§ WHAT IS NEEDED: Would you please return only the lines from the one with "Thinking of selling?" through the last line of the records below, leaving the pictures out?

*** RECORDS TO USE Section Begins ***

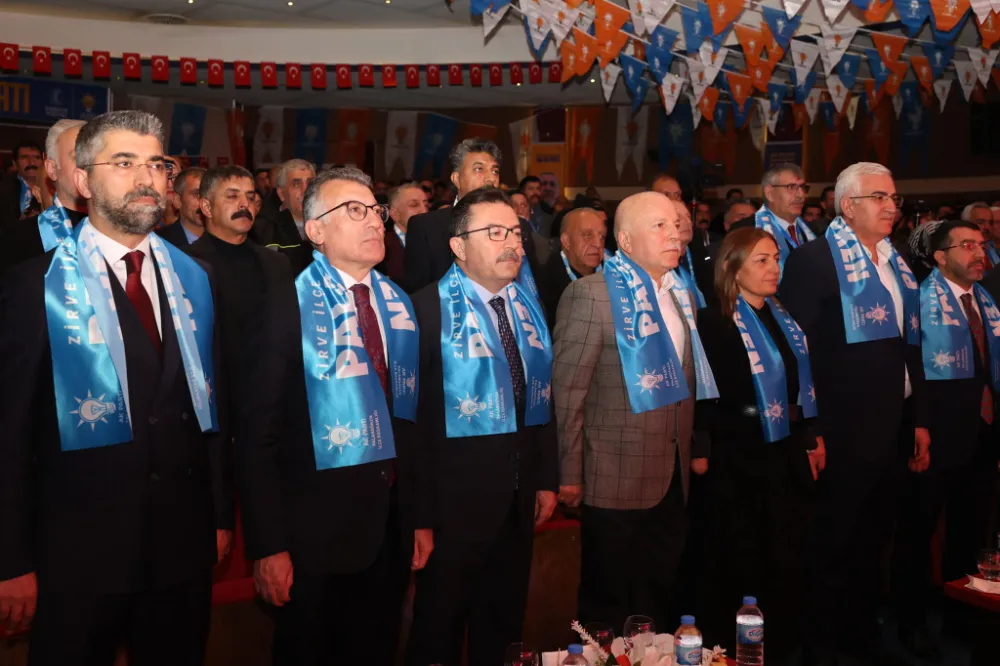 AK Parti Palandöken İlçe Kongresi’nde Yeni Başkan Durmuş Kılıç Oldu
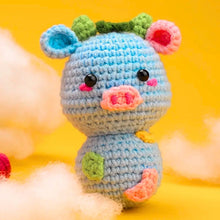 Afbeelding in Gallery-weergave laden, Haakpakket Amigurumi - Blauwe Koe Figured'Art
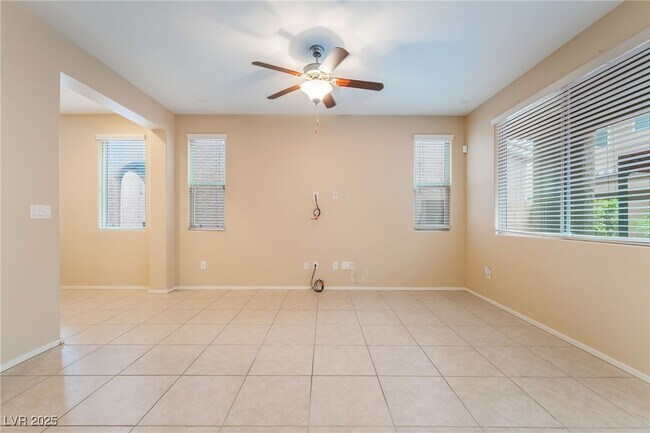 Foto del edificio - 7645 Lots Hills Dr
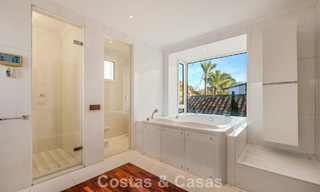 Exclusive villa with separate guest house for sale in a gated community in the hills of Marbella - Benahavís 793553 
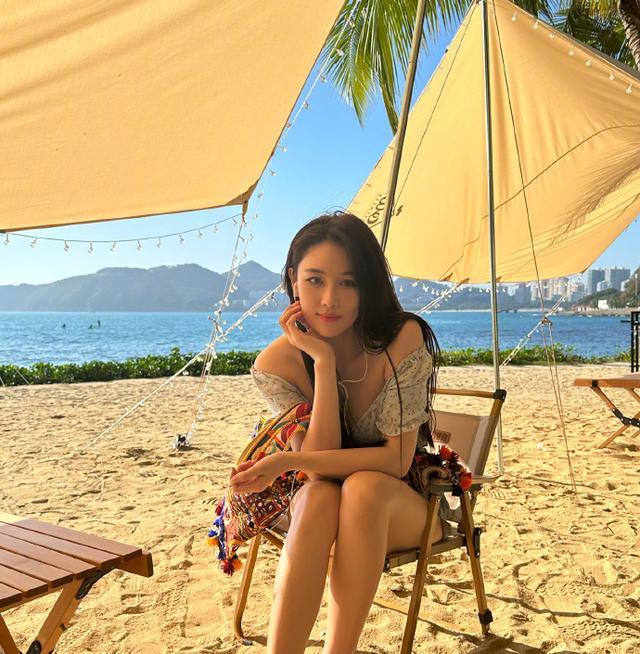 张馨予|张馨予沙滩写真大秀事业线大长腿！魔鬼身材太性感撩人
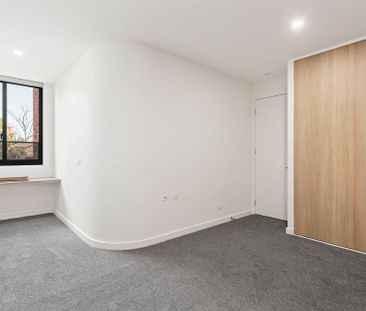 Thinking of selling? Contact our agent - Photo 6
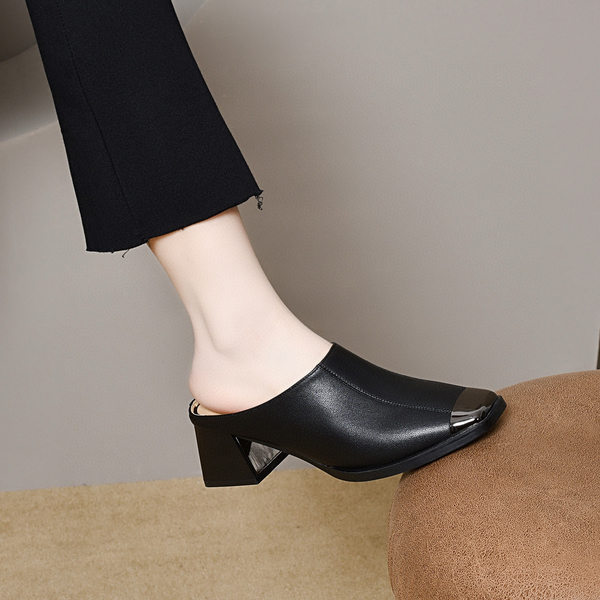 Dép sandal nữ mũi vuông gót vuông da thật kín mũi — Màu đen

*** RECORDS TO USE Section Ends ***

§ SOLUTION TO THIS EXERCISE:
 Thinking of selling? Contact our agent - Photo 6
 Dép sandal nữ mũi vuông gót vuông da thật kín mũi — Màu đen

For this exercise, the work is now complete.